Hani derler ya, “memleketim.” Bizim memleketin hali ne? Birileri gelmiş, bir yerlerden düğmeye basmış; her köşe başı kazılmış. Sanki bütün şehre bypass ameliyatı yapılıyor. Hâlâ anlamış değilim. Bu işin bir planı, bir programı olmaz mı? Bir cadde bitmeden, hemen yanındakine neden başlanır?
Şu toz duman yok mu, o benim en çok canımı yakan. Sabah kalkıyorsun, camın kapalıyken bile içerisi zımpara tozu gibi. Arabanı yıkatıyorsun, daha beş dakika geçmeden üzerini kalın bir tabaka kaplıyor. Bu havayı soluyoruz biz! Çocuklarımıza bu kirli havayı yediriyoruz. Bir kentin en temel hakkı olan temiz hava, bizde lüks olmuş.
Bakın, ben bu kadar sorumsuzluk görmedim. Yerel yönetim, idareciler… Tamam, hizmet yapıyorsunuz, eyvallah. Ama bu nasıl bir koordinasyonsuzluk? Bu nasıl bir vurdumduymazlık? Bir işi yaparken insan, o işin yapıldığı yerde yaşayanı hiç mi düşünmez? Sanki Silopi’de insan yaşamıyor da, bomboş bir arazi üzerinde deneme yapıyorlar. Bir çukur kapatılır, hemen iki metre ilerisi yeniden açılır. Bu bitmeyen kazılar, bu sonsuz döngü neyin nesi?

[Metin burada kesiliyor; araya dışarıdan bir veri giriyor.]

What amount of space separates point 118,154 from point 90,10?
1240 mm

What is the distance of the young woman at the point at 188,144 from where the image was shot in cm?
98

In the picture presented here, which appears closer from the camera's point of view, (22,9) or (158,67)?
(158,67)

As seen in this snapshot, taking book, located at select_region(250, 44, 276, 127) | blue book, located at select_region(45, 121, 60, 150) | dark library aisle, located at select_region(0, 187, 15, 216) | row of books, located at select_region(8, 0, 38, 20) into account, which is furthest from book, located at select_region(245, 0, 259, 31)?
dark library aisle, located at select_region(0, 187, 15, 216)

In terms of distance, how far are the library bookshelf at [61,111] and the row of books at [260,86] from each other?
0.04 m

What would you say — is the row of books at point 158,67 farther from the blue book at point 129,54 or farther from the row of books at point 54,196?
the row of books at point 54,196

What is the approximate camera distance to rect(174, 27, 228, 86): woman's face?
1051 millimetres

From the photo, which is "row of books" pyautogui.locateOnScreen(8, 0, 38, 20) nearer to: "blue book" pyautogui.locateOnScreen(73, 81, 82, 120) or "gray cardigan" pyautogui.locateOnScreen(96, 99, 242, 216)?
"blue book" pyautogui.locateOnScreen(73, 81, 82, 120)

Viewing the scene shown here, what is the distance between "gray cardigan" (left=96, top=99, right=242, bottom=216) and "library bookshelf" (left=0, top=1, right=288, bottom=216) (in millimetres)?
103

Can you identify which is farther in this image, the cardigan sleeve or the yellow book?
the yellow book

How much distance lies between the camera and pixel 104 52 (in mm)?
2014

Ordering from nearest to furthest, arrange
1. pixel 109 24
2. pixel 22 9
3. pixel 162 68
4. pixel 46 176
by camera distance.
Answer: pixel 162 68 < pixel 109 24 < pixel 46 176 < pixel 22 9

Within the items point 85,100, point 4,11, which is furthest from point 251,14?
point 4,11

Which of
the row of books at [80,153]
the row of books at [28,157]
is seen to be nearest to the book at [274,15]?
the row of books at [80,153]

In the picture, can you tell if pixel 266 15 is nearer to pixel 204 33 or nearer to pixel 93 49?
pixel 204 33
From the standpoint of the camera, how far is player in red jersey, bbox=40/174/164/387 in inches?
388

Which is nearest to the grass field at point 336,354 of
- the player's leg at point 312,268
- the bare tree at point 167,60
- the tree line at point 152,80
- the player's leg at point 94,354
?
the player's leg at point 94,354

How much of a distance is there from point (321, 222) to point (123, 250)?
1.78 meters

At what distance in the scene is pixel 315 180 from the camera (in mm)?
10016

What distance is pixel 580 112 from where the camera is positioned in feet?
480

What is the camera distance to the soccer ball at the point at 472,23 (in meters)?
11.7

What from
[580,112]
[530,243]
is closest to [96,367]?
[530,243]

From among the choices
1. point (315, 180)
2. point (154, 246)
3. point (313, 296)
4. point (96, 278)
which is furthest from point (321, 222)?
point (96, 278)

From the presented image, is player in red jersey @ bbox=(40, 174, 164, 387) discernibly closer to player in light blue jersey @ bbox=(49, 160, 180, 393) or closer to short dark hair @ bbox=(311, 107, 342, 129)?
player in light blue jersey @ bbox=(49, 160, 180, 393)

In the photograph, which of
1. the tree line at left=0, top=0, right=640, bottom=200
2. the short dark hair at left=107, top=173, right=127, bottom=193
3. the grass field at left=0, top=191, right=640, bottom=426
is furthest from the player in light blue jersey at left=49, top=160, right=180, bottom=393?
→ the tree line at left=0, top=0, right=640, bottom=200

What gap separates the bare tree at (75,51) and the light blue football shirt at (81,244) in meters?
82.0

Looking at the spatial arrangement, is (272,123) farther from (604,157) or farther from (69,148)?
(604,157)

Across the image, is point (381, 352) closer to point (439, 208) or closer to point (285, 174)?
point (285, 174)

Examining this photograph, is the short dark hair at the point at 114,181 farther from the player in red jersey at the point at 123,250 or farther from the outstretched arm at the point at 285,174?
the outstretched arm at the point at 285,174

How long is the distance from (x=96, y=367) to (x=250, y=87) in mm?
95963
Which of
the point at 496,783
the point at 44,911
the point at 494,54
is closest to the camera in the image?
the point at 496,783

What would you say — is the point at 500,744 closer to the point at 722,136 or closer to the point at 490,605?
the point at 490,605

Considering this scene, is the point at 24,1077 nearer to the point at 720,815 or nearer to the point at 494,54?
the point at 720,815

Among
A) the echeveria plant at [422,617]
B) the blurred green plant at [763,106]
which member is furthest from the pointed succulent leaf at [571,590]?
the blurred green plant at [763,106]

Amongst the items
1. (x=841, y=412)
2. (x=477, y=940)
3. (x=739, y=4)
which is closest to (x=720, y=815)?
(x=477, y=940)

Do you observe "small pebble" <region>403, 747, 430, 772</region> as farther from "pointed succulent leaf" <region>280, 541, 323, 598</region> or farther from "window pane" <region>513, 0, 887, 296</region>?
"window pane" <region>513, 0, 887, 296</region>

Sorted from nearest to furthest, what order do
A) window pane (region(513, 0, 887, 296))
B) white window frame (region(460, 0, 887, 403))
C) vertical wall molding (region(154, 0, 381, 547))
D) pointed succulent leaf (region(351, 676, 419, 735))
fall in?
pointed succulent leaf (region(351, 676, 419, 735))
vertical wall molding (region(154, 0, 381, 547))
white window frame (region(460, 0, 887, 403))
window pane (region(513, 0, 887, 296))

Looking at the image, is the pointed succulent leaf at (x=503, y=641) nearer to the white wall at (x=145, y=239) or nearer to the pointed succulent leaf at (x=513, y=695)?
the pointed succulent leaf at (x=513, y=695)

### Asıl Çözümsüzlük: Toplumun Sessizliği
Ama asıl içimi acıtan… Ne yerel idarenin beceriksizliği, ne o bitmeyen toz. Benim asıl derdim, bizim sessizliğimiz. Bu karmaşa karşısında yükselmeyen ortak ses.
– **Esnaf kardeşlerim:** Dükkânınızın önünden geçen müşteri, toza batmamak için yolunu değiştiriyor. İşiniz aksıyor. Neden sesiniz çıkmıyor?

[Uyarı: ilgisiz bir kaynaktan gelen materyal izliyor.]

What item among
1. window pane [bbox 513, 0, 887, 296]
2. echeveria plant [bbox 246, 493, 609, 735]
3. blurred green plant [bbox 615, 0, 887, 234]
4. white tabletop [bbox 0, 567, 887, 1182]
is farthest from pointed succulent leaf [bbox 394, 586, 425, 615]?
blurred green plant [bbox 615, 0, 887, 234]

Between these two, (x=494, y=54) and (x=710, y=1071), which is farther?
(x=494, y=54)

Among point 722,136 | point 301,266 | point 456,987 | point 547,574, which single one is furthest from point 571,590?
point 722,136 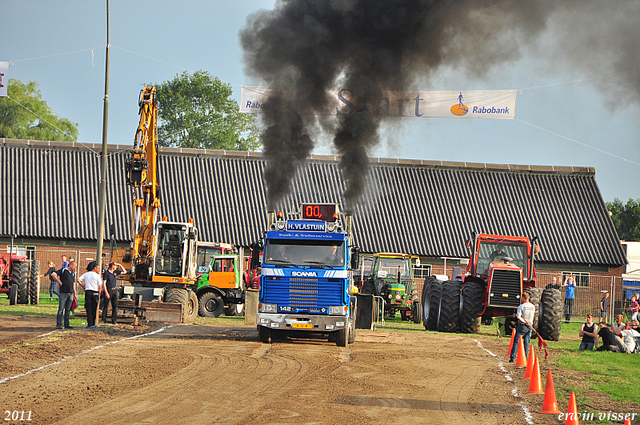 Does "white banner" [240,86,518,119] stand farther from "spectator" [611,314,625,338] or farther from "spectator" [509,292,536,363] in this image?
"spectator" [509,292,536,363]

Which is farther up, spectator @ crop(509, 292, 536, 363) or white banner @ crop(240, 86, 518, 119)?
white banner @ crop(240, 86, 518, 119)

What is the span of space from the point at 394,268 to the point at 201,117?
4340cm

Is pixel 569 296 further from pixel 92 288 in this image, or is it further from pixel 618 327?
pixel 92 288

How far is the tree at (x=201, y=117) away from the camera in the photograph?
2662 inches

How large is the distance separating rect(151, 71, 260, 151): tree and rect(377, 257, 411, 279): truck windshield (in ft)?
132

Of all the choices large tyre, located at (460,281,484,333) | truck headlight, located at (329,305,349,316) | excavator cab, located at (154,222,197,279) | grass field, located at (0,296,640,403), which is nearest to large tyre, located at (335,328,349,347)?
truck headlight, located at (329,305,349,316)

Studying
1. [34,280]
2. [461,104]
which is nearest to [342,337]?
[34,280]

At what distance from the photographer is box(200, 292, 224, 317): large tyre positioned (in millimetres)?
26695

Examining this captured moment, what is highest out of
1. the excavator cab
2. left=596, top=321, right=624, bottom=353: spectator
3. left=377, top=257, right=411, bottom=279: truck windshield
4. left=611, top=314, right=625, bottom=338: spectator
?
the excavator cab

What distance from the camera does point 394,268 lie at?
2920 centimetres

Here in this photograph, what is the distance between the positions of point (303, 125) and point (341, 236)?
25.1 ft

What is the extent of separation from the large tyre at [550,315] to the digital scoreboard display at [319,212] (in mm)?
7027

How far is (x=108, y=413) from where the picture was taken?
9078 mm

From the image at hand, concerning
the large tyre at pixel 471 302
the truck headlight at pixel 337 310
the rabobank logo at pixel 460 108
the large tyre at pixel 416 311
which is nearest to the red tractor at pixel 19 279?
the large tyre at pixel 416 311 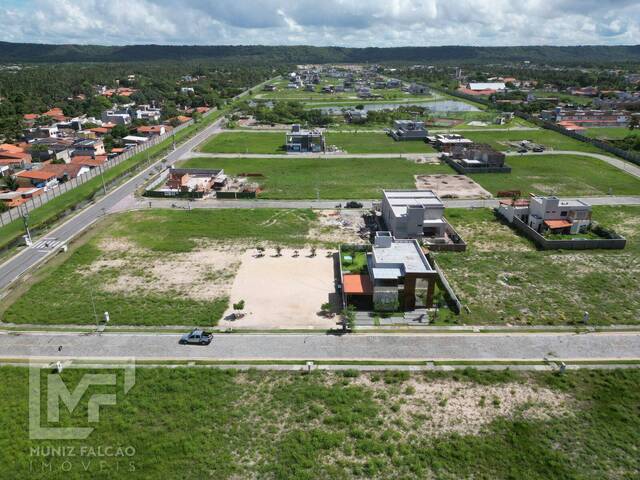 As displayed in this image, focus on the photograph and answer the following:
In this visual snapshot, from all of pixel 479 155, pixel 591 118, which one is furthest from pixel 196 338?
pixel 591 118

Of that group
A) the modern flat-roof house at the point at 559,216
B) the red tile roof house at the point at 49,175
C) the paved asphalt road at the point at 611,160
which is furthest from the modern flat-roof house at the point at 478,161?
the red tile roof house at the point at 49,175

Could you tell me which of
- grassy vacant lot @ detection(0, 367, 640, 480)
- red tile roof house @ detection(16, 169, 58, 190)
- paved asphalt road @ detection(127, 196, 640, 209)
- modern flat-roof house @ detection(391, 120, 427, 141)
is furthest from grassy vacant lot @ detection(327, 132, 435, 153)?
grassy vacant lot @ detection(0, 367, 640, 480)

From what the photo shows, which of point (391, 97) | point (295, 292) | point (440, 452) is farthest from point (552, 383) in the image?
point (391, 97)

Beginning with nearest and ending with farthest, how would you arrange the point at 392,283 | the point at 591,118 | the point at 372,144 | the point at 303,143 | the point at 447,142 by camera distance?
the point at 392,283 → the point at 447,142 → the point at 303,143 → the point at 372,144 → the point at 591,118

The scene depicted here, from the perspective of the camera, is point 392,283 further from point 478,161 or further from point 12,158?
point 12,158

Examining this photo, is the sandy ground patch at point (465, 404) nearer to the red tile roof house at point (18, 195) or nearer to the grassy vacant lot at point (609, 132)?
the red tile roof house at point (18, 195) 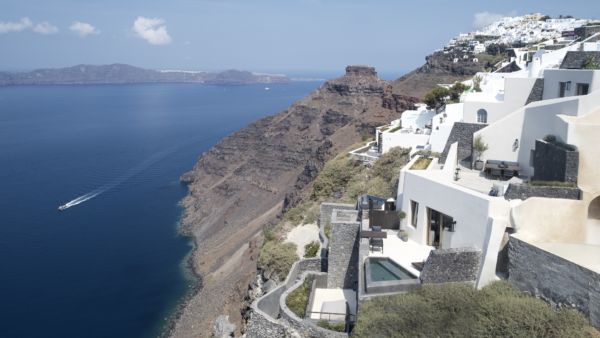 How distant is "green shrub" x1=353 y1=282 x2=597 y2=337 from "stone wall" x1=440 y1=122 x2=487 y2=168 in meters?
6.95

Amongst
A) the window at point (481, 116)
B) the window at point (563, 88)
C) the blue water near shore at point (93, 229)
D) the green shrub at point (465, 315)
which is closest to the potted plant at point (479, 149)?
the window at point (481, 116)

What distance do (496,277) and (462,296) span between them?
1.32 meters

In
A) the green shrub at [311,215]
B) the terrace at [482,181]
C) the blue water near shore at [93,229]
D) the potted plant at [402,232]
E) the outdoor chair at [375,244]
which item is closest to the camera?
the terrace at [482,181]

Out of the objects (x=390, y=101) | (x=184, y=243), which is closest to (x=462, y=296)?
(x=184, y=243)

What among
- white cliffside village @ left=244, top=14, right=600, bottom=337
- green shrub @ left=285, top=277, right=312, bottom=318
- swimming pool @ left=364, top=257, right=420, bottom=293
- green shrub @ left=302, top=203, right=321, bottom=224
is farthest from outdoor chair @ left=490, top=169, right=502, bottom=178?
green shrub @ left=302, top=203, right=321, bottom=224

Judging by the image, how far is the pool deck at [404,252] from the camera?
12.4 meters

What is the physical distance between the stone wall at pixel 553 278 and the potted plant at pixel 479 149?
216 inches

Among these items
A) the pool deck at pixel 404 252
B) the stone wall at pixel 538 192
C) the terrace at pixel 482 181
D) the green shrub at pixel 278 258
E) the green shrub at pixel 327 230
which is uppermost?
the stone wall at pixel 538 192

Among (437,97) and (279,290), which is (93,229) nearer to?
(437,97)

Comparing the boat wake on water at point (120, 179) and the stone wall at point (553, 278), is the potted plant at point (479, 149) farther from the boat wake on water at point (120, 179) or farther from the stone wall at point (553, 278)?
the boat wake on water at point (120, 179)

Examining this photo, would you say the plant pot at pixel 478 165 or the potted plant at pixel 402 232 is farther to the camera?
the plant pot at pixel 478 165

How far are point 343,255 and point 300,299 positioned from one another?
1959 mm

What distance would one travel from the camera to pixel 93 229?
52.4m

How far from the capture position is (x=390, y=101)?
5891 centimetres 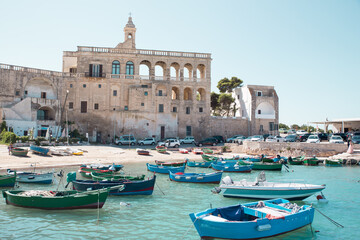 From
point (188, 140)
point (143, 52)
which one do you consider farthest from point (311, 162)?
point (143, 52)

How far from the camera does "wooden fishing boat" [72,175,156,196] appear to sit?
18297 millimetres

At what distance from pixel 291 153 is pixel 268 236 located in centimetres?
3152

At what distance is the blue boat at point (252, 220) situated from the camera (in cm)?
1079

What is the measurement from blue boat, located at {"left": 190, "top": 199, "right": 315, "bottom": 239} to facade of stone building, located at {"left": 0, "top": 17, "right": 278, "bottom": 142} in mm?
39106

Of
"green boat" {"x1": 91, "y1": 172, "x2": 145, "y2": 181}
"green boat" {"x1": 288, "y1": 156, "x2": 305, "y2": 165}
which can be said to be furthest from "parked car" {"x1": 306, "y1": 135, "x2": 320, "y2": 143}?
"green boat" {"x1": 91, "y1": 172, "x2": 145, "y2": 181}

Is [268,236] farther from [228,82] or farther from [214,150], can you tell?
[228,82]

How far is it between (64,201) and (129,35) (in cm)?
4425

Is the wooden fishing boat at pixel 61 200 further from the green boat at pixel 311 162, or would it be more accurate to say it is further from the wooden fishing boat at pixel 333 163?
the wooden fishing boat at pixel 333 163

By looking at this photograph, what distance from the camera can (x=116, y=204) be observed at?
1697cm

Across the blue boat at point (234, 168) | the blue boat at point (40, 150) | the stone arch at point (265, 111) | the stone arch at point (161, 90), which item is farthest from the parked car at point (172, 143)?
the stone arch at point (265, 111)

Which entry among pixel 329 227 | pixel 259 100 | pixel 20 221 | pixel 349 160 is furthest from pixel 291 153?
pixel 20 221

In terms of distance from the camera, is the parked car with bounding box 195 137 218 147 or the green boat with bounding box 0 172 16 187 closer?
the green boat with bounding box 0 172 16 187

– **STK’lar, dernekler:** Hani siz halkın sesiydiniz? Bu kirlilik, bu düzensizlik karşısında neden tek bir açıklama yapmazsınız? Ne bekliyorsunuz? Şehrin tamamen yok olmasını mı?
– **Komşularım, Silopili hemşerilerim:** En çok da size şaşırıyorum. Her gün bu çileyi çekiyoruz. Evimiz kirleniyor, sağlığımız bozuluyor. Kahvede, evde homurdanıp duruyoruz ama neden toplu bir itiraz sesi çıkaramıyoruz?

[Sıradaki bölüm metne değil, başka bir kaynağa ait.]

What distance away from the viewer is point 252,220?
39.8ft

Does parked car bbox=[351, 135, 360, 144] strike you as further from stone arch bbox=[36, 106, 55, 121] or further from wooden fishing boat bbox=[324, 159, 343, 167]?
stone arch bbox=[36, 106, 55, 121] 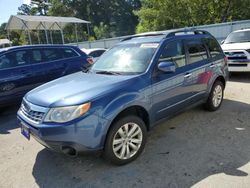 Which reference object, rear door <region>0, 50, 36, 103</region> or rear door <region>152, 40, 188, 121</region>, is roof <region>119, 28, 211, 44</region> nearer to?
rear door <region>152, 40, 188, 121</region>

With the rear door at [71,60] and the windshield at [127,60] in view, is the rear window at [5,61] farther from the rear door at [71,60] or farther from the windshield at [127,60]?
the windshield at [127,60]

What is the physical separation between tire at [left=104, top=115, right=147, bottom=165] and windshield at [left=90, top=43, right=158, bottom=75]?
31.0 inches

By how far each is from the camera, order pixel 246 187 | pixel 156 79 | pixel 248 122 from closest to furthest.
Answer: pixel 246 187, pixel 156 79, pixel 248 122

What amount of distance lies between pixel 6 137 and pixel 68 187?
95.8 inches

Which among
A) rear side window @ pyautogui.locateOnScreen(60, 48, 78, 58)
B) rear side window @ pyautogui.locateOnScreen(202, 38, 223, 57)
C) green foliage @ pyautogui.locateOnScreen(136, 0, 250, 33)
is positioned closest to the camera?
rear side window @ pyautogui.locateOnScreen(202, 38, 223, 57)

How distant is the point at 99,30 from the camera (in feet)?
166

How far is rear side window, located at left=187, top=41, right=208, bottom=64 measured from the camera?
461 centimetres

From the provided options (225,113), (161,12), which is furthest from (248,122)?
(161,12)

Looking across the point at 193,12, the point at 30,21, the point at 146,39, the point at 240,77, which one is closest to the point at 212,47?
the point at 146,39

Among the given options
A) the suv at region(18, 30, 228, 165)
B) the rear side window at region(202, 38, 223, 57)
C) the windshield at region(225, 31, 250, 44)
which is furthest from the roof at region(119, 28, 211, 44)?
the windshield at region(225, 31, 250, 44)

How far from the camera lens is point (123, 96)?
335cm

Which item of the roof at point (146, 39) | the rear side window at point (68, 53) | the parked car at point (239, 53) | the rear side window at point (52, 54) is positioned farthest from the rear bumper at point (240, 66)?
the rear side window at point (52, 54)

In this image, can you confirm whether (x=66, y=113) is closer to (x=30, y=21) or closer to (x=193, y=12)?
(x=30, y=21)

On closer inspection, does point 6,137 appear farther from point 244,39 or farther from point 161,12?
point 161,12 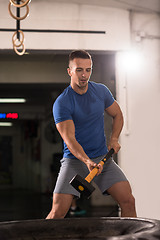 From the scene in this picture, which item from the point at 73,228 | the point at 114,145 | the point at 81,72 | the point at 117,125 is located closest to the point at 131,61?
the point at 117,125

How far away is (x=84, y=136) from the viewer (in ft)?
8.18

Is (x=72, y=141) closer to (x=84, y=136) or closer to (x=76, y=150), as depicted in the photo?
(x=76, y=150)

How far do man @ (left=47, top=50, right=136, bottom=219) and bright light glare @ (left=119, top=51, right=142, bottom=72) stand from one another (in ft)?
7.98

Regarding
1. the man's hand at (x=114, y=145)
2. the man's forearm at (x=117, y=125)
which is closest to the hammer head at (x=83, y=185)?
the man's hand at (x=114, y=145)

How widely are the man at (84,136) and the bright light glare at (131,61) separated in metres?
2.43

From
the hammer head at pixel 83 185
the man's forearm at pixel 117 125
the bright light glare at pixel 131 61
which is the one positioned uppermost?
the bright light glare at pixel 131 61

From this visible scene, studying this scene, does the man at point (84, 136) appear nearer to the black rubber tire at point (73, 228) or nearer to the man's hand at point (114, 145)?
the man's hand at point (114, 145)

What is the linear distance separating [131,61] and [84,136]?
2663 millimetres

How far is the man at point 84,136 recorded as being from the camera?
236cm

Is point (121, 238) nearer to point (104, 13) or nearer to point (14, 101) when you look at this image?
point (104, 13)

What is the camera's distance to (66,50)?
4859 mm

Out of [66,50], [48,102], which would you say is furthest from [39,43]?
[48,102]

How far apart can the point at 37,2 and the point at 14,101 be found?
2.34 meters

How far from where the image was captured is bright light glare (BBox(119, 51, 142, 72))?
4.96m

İdareci, ses çıkmayınca “Demek ki memnunlar” diye düşünür. “Bir sustu, biz konuşmayı mı bırakacağız!” İşte bu laf, her Silopilinin kulağına küpe olmalı. Eğer biz bu sessizliği bozmazsak, bu toz duman bitmeyecek. Eğer biz, “Yeter artık, düzenli yapın bu işi!” demezsek, bu şehir, kendi kaderine terk edilmiş bir şantiye olarak kalacak.
Silopi’nin sahipleri biziz. Bu şehri seven biziz. Eğer hakkımızı aramazsak, bu rezalet daha yıllarca sürer. Bu içten gelen bir yakarış, bir sitem. Sadece bir kişi konuştu diye, arkamızı dönüp gitmeyelim. Konuşmaya devam edelim. Ta ki o son kazma vurulup, son toz zerresi temizlenene kadar!